Fui logo designado ajudante do Sr. Pépi, o chefe da oficina, um italiano de meia-idade, rosto vermelho e grosso de corpo, excelente sapateiro e melhor consumidor de cachaça. O patrão, à parte, recomendou-me que fosse obediente ao Sr. Pépi, prestasse atenção às suas explicações e nunca mexesse nas ferramentas dele, principalmente no afiador de facas.
– Sim, senhor. Ouvi bem.
Era costume dos sapateiros mais antigos exagerar a raridade de algumas de suas ferramentas. Tinha este uma tenaz alemã; aquele, um bisegre de madeira africana; aqueloutro, um pé-de-ferro fundido na Itália. O Sr. Pépi elogiava o seu afiador de facas, uma pedra cor de chumbo, formato de charuto grande, sem conhecer-lhe a nacionalidade. Para ele, não havia outro que o substituísse nem ao menos se igualasse e conservava-o azeitado dentro do estojo de madeira já puído do tempo.
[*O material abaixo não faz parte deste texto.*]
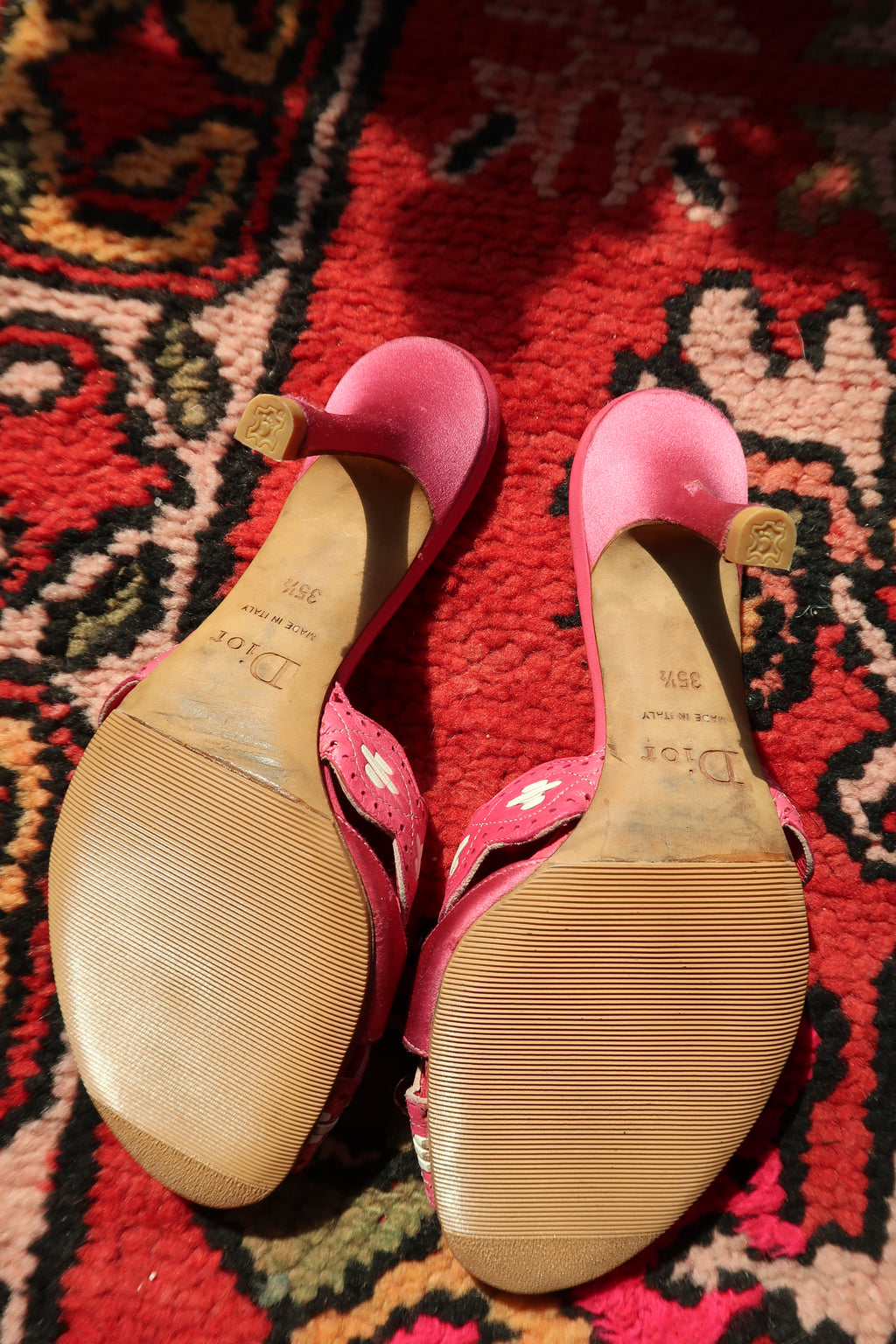 Vintage Christian Dior Pink Leather Heels – Logo Mules with Bow Detail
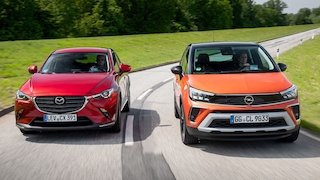 Mazda CX-3 Skyactiv-G 2.0    Opel Crossland 1.2 DI Turbo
– Sabe, menino, isto foi tudo quanto herdei de meu saudoso pai. Esta pedra é o meu tesouro. Por ela, sou capaz de fazer o diabo.
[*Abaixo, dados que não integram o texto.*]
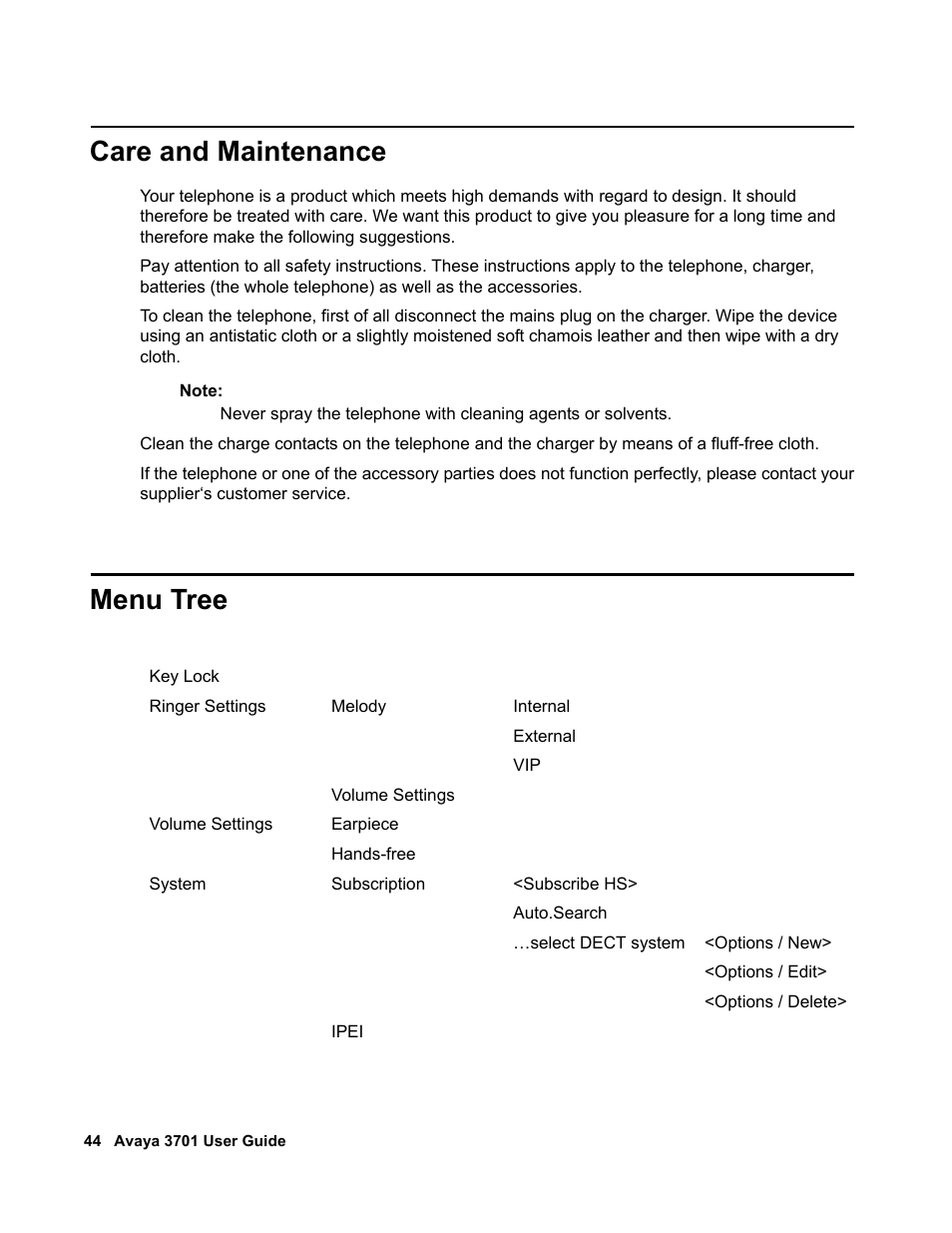 Care and maintenance, Menu tree | Avaya 3701 User Manual | Page 44 / 46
Não tardou muito, começou o Sr. Pépi a troçar de mim diante dos empregados. Gostava de chalacear, de vê-los rir à custa do novo aprendiz. Mandava-me fazer serviços absurdos, como mexer água suja até virar cola. Diariamente, eu batia sola horas a fio, sem necessidade, um toque-toque interminável que me feria os ouvidos e deixava ardendo os joelhos por vários dias. O homem dava o cavaco por um trote, macaqueava no salão, repetia anedotas picantes, sem importar-se com a presença de quem quer que fosse. E ria alto, e gargalhava. Ninguém o censurava. Ao contrário, riam também, porque toda asneira dita por um superior tem de ser aplaudida pelos subordinados.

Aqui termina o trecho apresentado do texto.